------ Data section ------

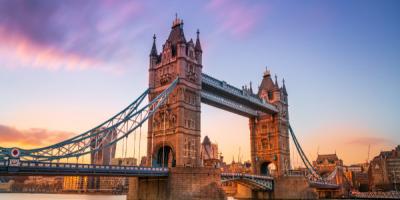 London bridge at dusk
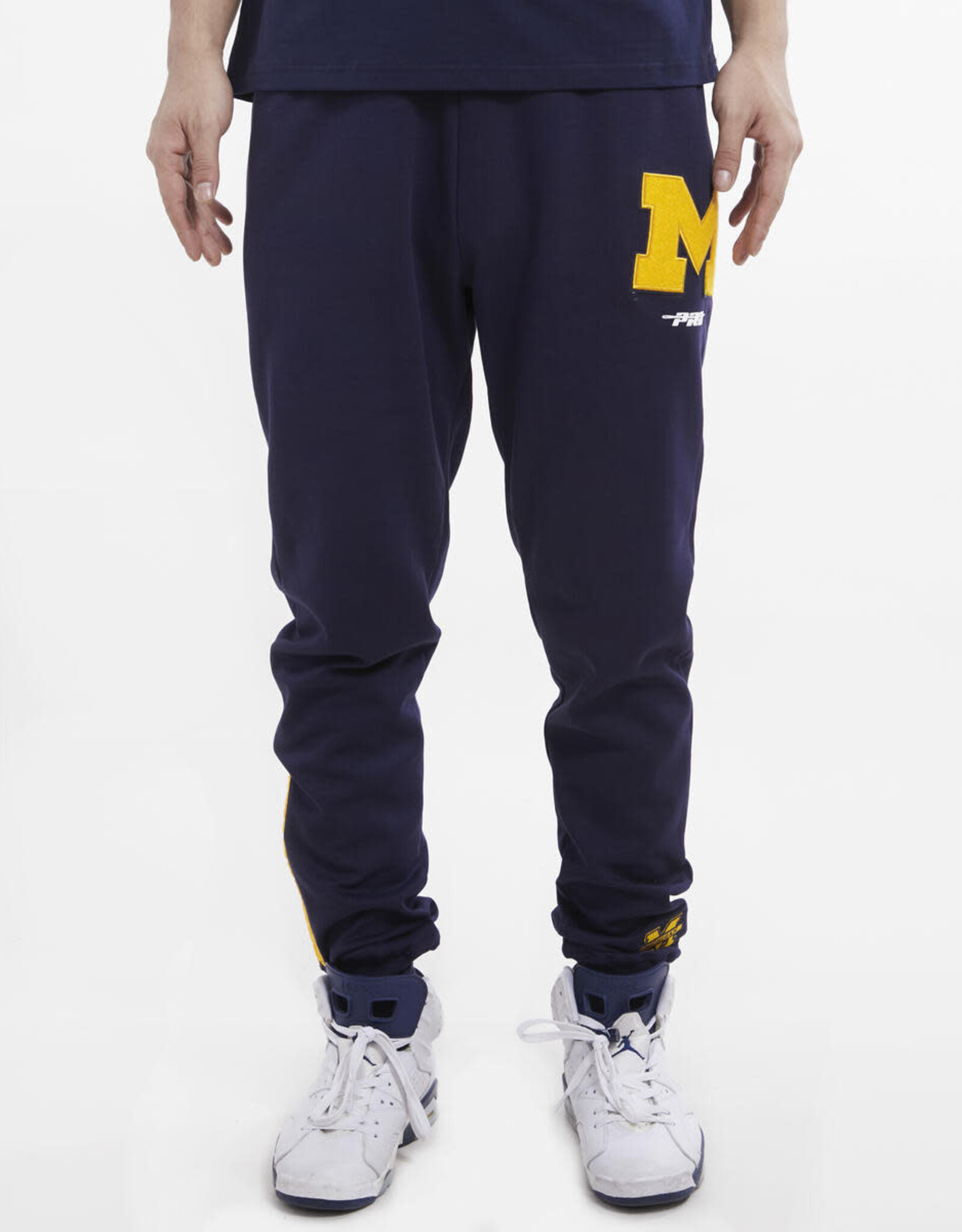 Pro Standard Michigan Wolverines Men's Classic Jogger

------
------ Data section ------

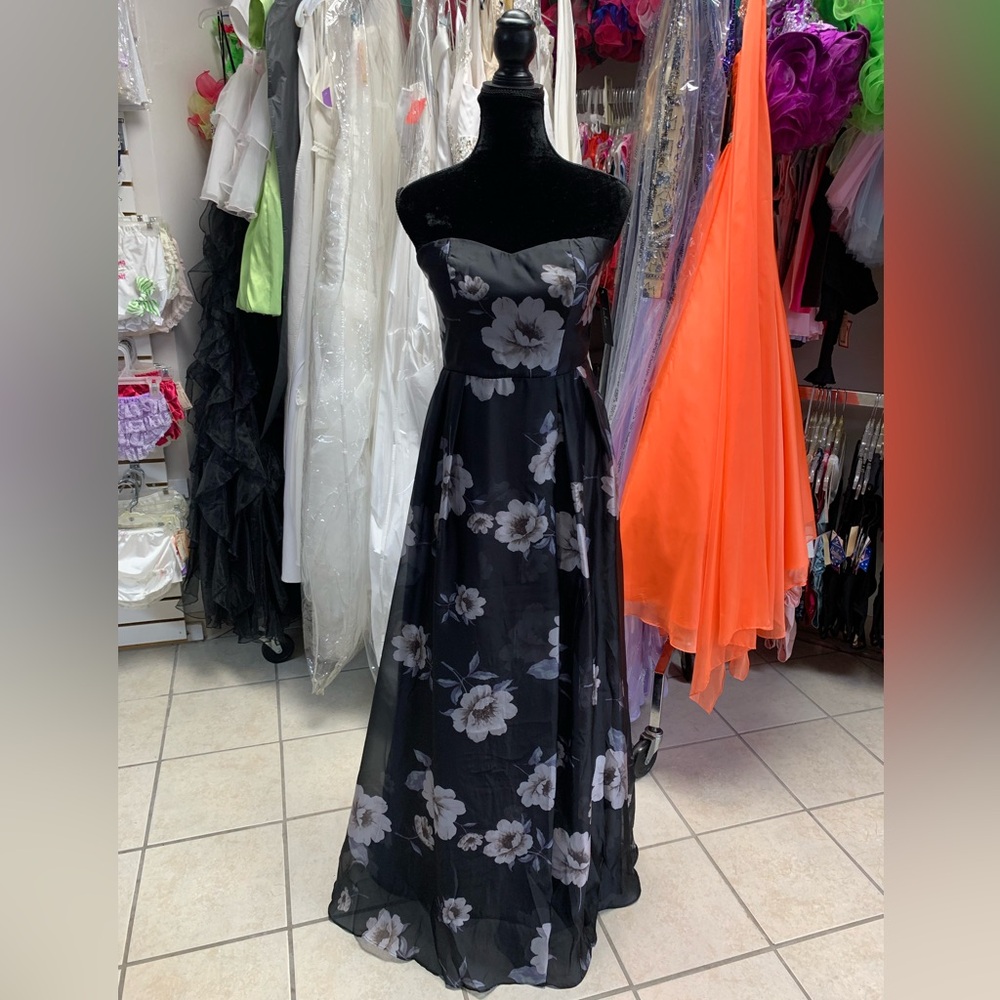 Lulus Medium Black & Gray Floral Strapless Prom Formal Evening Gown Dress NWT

------

— Work instructions —
In the listing above, find the line containing "London bridge at dusk" and the line containing "Pro Standard Michigan", then return both of them and every line between, exactly, without pictures.

— Result for this task —
 London bridge at dusk
 Pro Standard Michigan Wolverines Men's Classic Jogger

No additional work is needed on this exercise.